Is This The Most Important Short-term Measure For Your Business?
It’s an obvious statement that a company can only stay in business if it is profitable over the long run and so every business aims to increase the amount of money it makes each year. But there is another figure which is even more important to the short-term success and survival of your business. An Auckland accountant explains the most important measure in your business.
That is the amount of cash you have on hand.
In fact it is not a lack of profit but a lack of cash that is the biggest cause of business failure.

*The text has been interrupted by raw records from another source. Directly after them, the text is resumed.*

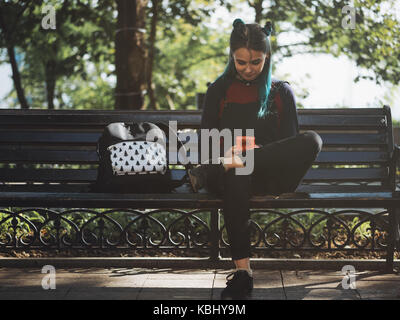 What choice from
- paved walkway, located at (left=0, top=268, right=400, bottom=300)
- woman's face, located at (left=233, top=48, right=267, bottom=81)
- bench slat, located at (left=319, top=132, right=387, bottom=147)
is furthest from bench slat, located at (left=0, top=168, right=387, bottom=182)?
woman's face, located at (left=233, top=48, right=267, bottom=81)

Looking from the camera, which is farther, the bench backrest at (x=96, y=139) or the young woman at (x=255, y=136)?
the bench backrest at (x=96, y=139)

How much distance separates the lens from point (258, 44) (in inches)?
136

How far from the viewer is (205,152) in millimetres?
3660

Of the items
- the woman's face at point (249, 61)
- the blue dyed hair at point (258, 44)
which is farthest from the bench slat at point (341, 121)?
the woman's face at point (249, 61)

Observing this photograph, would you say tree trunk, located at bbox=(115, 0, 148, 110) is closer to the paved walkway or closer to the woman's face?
the paved walkway

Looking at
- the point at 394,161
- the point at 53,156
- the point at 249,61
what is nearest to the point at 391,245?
the point at 394,161

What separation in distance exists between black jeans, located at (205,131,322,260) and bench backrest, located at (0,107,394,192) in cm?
101

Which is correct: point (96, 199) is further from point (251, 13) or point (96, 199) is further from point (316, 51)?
point (316, 51)

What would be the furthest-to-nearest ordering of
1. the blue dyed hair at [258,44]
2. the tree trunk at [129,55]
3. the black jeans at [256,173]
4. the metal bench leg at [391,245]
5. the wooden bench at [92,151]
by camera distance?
1. the tree trunk at [129,55]
2. the wooden bench at [92,151]
3. the metal bench leg at [391,245]
4. the blue dyed hair at [258,44]
5. the black jeans at [256,173]

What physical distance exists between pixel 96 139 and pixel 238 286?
69.9 inches

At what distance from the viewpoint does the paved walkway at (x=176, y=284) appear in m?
3.34

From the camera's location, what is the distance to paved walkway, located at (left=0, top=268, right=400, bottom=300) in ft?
11.0

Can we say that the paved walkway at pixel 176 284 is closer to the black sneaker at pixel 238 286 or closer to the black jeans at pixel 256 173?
the black sneaker at pixel 238 286

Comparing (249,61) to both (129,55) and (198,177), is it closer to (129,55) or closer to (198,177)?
(198,177) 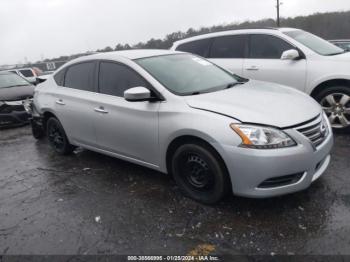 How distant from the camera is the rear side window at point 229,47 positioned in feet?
21.7

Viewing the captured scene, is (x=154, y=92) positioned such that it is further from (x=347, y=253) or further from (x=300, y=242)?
(x=347, y=253)

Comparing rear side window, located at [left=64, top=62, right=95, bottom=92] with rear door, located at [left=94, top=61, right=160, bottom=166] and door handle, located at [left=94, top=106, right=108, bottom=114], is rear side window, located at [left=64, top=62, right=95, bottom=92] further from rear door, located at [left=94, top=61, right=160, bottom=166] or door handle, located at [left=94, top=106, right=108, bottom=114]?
door handle, located at [left=94, top=106, right=108, bottom=114]

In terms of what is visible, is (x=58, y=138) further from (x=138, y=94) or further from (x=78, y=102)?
(x=138, y=94)

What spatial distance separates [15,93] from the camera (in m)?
8.62

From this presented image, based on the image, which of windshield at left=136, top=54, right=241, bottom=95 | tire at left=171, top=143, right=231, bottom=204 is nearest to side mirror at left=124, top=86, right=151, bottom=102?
windshield at left=136, top=54, right=241, bottom=95

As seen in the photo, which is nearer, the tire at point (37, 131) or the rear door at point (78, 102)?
the rear door at point (78, 102)

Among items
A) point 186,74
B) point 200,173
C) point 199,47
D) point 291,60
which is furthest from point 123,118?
point 199,47

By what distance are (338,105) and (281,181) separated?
9.34ft

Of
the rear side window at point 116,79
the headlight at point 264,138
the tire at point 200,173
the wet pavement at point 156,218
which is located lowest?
the wet pavement at point 156,218

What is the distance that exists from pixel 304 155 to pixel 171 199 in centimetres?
151

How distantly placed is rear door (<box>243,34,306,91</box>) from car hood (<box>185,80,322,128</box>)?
1.84 metres

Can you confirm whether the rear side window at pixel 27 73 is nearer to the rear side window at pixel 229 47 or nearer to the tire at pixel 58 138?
the tire at pixel 58 138

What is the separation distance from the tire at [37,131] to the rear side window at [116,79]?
8.52ft

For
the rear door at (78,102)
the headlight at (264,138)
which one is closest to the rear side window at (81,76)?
the rear door at (78,102) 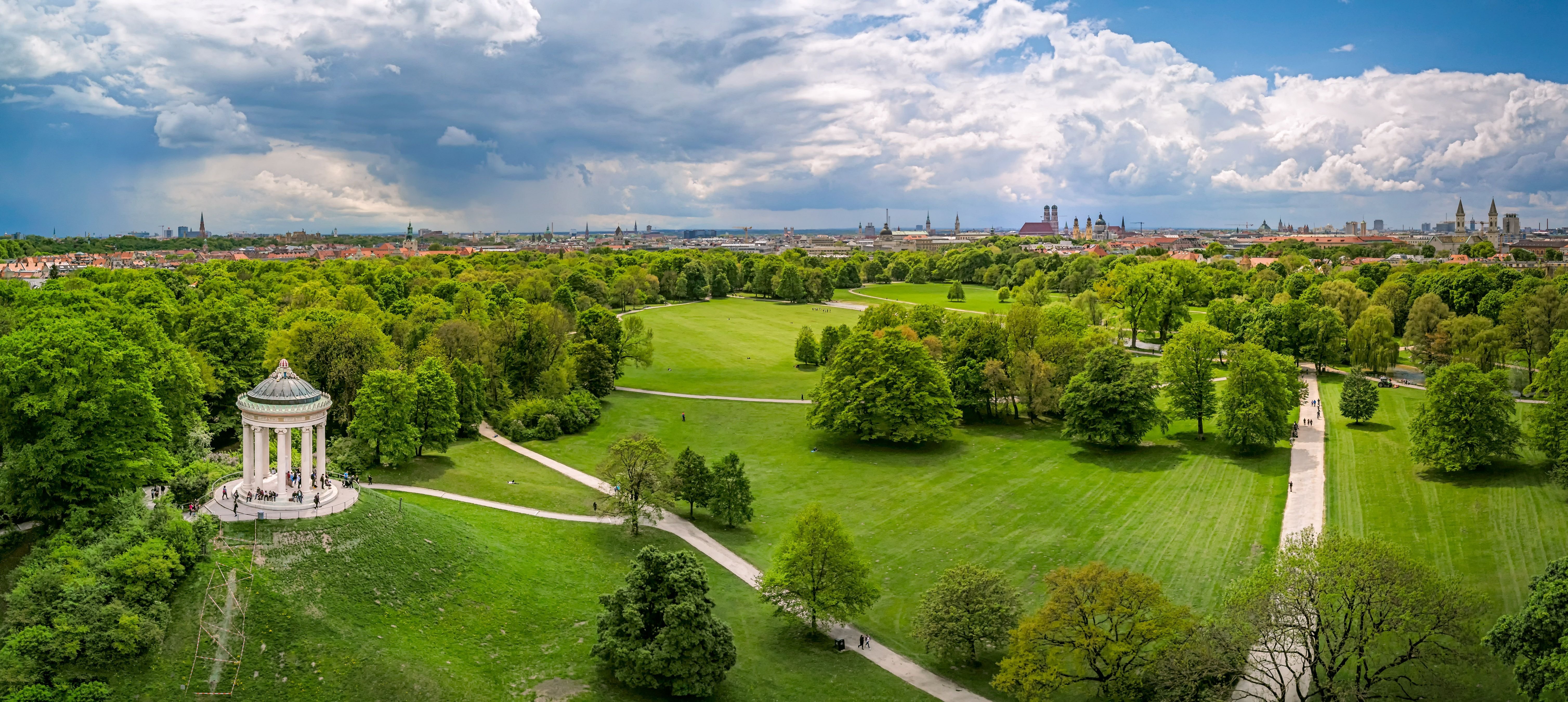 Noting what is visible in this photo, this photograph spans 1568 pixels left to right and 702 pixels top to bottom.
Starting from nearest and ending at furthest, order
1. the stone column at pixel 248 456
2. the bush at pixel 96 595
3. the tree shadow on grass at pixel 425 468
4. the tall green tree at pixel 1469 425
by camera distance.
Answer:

It is possible for a loss-making company to stay in business if has enough cash-flow to pays its bills although without a financial surplus eventually the cash will finally run out. But it is also true, and quite common, for profitable firms to go out of business simply because they did not have enough cash to pay their creditors.
Why is cash so important?
Simply, your business will grind to a halt. Cash is the oil that keeps your company lubricated. Imagine how long your staff would stay if they didn’t get paid.
- Or how can you fund a marketing campaign without cash to pay advertising companies.
- Or how can you get a website without cash to pay your Internet marketing people.
- Will your suppliers keep extending credit to you if they are not getting paid?
- And do not forget the tax office. The tax department shows very little leniency with late tax payers. In the beginning they apply late payment fees but over time they will bankrupt you or your business for non payment of taxes.
Without good cash-flow and surplus cash on hand, you will very quickly go out of business, even if you are making a profit. An Auckland accountant will be able to explain this to you.
How can a profitable business go broke?
Many business owners are surprised that even though they are making a profit their business goes bust. How can this happen?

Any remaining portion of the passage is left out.